Homeowners in small town America say they’re being pestered with speculative inquiries on their homes, even though they’re not listed for sale.
And in some cases the speculation is hitting ridiculous levels, with one homeowner claiming to have received over a hundred such offers!
In an interview with the Wall Street Journal, Chuck Vukotich said that he typically receives queries on his small, yellow-brick home that’s located in a working class neighborhood of Penn Hills, Pa., several times a week. He said that his home, which is 15 miles from downtown Pittsburgh, isn’t listed for sale, nor does he have any intentions to do so.
Nevertheless, he reckons he has received more than 100 inquiries about selling his home, mostly through fliers stuffed in his mailbox asking if he’s interested in an all-cash deal and a quick closing.
“I don’t mind somebody trying to make a buck,” he told the Journal. “But it’s kind of a pain in the butt.”
It used to be the case that these kinds of unsolicited offers were only really seen in larger cities, on homes deemed to be particularly desirable due to their location near large employment centers and with lots of amenities nearby. But the low inventory of homes for sale is plaguing every niche in the housing market and has prompted real estate speculators to look elsewhere.

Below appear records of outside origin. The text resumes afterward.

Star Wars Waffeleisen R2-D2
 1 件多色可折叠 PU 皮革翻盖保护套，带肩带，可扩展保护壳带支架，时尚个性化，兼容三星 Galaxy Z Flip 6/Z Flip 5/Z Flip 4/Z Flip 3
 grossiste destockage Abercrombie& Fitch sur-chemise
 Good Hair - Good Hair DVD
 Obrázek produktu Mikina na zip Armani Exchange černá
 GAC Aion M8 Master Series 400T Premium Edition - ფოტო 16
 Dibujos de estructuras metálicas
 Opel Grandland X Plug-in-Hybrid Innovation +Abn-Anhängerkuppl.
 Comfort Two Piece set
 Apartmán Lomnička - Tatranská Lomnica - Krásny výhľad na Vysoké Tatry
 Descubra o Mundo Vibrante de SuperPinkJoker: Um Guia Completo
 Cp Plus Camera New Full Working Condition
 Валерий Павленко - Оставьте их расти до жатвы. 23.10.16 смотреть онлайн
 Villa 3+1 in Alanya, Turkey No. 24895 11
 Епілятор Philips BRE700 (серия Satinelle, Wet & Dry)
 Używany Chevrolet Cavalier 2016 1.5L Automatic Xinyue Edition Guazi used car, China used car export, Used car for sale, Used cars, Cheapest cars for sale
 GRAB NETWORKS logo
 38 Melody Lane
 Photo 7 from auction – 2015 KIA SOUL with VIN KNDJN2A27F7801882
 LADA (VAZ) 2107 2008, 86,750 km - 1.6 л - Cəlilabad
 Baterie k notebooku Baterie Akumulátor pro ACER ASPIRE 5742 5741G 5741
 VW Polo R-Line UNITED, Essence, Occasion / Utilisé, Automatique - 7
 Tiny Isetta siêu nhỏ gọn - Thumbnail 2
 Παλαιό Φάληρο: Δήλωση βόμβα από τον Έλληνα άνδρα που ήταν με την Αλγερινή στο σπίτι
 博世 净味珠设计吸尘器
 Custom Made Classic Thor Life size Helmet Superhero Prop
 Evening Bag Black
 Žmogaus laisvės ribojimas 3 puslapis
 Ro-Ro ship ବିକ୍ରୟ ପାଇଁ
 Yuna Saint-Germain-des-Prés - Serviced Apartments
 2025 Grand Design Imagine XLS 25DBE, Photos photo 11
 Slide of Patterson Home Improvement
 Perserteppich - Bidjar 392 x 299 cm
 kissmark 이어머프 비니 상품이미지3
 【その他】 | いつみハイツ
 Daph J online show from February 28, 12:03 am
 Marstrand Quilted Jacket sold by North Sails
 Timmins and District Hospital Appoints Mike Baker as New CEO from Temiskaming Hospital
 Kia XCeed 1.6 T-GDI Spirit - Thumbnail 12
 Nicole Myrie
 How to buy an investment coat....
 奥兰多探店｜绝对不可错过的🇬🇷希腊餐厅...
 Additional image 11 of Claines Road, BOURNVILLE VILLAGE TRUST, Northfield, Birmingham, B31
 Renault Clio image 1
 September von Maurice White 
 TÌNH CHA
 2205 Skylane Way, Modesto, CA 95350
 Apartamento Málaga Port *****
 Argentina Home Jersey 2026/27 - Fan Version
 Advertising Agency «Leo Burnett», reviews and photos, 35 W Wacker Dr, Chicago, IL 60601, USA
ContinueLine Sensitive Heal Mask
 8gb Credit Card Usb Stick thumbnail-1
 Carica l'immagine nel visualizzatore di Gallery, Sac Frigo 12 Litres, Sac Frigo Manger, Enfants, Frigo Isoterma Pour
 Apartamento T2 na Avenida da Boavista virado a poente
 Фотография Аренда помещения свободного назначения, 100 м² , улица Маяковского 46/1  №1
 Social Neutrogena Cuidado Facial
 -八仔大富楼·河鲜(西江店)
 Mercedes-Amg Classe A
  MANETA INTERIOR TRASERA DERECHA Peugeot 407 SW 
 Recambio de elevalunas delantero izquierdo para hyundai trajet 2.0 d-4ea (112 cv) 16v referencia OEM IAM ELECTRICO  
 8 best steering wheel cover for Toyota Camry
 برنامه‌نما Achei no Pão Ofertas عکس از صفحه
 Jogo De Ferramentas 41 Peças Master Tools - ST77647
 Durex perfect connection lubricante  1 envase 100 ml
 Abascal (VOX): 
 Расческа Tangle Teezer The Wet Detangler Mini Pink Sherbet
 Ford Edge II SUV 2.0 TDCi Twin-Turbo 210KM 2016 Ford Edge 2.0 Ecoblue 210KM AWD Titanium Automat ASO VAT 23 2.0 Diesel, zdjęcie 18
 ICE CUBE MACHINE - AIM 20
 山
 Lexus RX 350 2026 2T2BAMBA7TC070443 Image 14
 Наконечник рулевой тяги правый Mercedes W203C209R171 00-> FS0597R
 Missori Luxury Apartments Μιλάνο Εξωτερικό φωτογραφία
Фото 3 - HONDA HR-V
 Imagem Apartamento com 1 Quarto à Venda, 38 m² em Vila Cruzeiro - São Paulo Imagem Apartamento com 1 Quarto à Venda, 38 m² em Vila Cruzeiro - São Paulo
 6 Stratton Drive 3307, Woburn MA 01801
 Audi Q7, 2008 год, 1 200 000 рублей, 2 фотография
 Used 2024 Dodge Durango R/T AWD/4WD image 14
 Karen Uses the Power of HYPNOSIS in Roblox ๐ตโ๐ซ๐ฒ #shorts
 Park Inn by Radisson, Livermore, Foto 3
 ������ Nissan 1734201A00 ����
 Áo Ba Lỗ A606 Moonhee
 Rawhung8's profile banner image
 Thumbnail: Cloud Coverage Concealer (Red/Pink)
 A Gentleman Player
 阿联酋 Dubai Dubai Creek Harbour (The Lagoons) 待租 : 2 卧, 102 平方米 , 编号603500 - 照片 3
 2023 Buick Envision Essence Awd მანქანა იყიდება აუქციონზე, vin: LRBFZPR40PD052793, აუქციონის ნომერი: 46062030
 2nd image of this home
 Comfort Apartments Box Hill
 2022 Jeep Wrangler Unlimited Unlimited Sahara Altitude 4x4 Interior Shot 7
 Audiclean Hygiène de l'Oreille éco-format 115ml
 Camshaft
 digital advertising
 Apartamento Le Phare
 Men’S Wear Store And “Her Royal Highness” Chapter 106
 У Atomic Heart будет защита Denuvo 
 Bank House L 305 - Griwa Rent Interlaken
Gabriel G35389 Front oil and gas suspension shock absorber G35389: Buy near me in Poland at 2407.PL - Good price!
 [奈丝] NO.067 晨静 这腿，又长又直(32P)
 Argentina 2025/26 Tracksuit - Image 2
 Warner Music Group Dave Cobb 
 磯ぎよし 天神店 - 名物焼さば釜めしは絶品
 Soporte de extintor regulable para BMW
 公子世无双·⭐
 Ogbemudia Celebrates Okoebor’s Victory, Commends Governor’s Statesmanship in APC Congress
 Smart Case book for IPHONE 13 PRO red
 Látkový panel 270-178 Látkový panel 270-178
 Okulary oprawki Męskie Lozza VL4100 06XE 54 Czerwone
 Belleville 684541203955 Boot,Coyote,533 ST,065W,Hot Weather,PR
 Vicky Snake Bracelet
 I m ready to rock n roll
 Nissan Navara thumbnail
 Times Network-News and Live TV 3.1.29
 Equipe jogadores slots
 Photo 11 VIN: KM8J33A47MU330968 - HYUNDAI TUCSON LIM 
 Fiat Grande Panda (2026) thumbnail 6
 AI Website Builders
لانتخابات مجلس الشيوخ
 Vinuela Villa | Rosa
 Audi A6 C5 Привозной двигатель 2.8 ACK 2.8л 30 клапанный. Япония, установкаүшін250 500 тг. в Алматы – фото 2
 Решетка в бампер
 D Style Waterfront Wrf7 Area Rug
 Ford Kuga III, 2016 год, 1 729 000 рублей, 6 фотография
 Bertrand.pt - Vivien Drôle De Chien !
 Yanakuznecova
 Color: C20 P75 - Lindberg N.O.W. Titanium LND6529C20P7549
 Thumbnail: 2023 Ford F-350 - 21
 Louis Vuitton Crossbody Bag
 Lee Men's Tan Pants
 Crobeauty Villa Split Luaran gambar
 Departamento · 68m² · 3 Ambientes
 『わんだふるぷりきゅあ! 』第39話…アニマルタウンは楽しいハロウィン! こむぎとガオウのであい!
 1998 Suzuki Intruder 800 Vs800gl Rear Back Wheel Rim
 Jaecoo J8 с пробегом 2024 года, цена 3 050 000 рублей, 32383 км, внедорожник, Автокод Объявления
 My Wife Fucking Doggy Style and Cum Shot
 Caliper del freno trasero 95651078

Now, they’re increasingly on the hunt in smaller towns and suburban areas for homes, seeing an opportunity amid the tight supply and huge demand from buyers. Investors are searching for relatively inexpensive homes that can possibly be flipped or rented at a profit.
Nick Schindehette, an investor in the Pittsburgh area who claims to be able to close on an all-cash offer in just two weeks, told the Journal that he sends anywhere from 5,000 to 20,000 pink note cards a month to homeowners across 20 ZIP codes asking if they’re interested in selling. His cards typically say something such as “Could we possibly discuss making you a cash offer? Either way, please let me know.”
Schindehette said the response rate for his cards is around 1%, and that the majority who accept his offer are those that need to sell quickly, for whatever reason. He said that using this tactic, he’s completed around 50 deals in the areas he targets. He then rents out those properties or does them up and sells them on. He considers the areas to be “C+ neighborhoods” where homes are more affordable but can still be sold or leased fairly rapidly.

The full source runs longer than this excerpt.